July 1, 2009 at 9:31 am
I want to return all values that represent x% of the total values within a table. Here's some test data:
create table #temp (customer varchar(15),number int)
insert into #temp select'A',10
insert into #temp select'B',20
insert into #temp select'C',17
insert into #temp select'D',18
insert into #temp select'E',30
insert into #temp select'F',40
insert into #temp select'G',10
insert into #temp select'H',20
insert into #temp select'I',17
insert into #temp select'J',18
insert into #temp select'K',30
insert into #temp select'L',40
select top 60 percent * from #temp
order by number desc
drop table #temp
When this is executed 60% of the total lines are returned but what I want is for it to return those rows whose 'number' values represent 60% of the total when added. So using my test data, 60% of the total would be represented by customers F, L, K and E because the sum of all the rows is 233 and the sum of F, L, K and E is 140 = 60%
Thanks
David
July 1, 2009 at 10:34 am
July 1, 2009 at 10:47 am
This is a weird one...
would something like this do the trick?
declare @Total decimal(18,2)
select @Total = sum(number)
from #temp
create table #temp2
(
customer varchar(15),
number int,
Ranking int
)
insert #temp2
select customer,
Number,
ranking = row_number() over(order by number desc)
from #temp
select customer,
number,
Running,
pct = round((cast(Running as decimal(10,2))/ cast(@Total as decimal(10,2)))*100, 0)
from
(
select customer,
number,
Ranking = ntile(12) over(order by number desc),
Running = (select sum(number) from #temp2 t1
where t1.Ranking <= t.Ranking)
from #temp2 t
)sub
where round((cast(Running as decimal(10,2))/ cast(@Total as decimal(10,2)))*100, 0) <= 60
drop table #temp2
This mess first orders the customers by Number Desc. Then calculates the running total and percentage of the running total against the total total, and returns those rows that add up to close to 60% without going over ("you're the next contestant on the Price is Right"...)

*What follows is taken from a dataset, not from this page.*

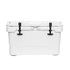 A white cooler box with black latches, featuring a sturdy design and a top lid.
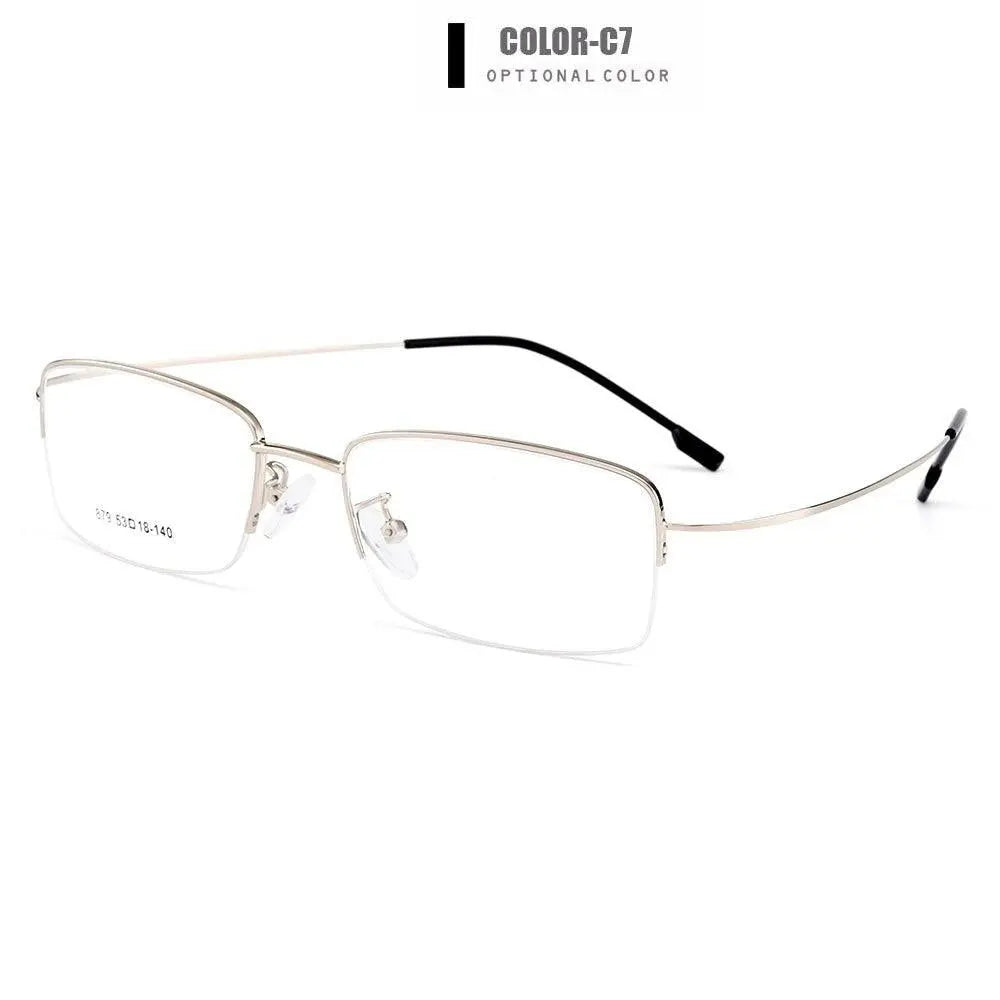 Men's Semi-Rimless Titanium Prescription Glasses Y879 — view 8 | Rx Spectacle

This is based on an inference that you want to return the top 60% of customers by number.
This works fine on a small set, but doubt it would be pretty on a large set of data...lots of table scans, sorts and temp table weirdness...
/*****************
If most people are not willing to see the difficulty, this is mainly because, consciously or unconsciously, they assume that it will be they who will settle these questions for the others, and because they are convinced of their own capacity to do this. -Friedrich August von Hayek
*****************/
July 1, 2009 at 10:52 am
I wasn't sure if you were looking for all combinations of Customers that meet that percentage or just starting with the min number or.???
At anyrate, I just used a simple running total solution to get some results. Hopefully, it'll help:DECLARE @Temp table (customer varchar(15),number int)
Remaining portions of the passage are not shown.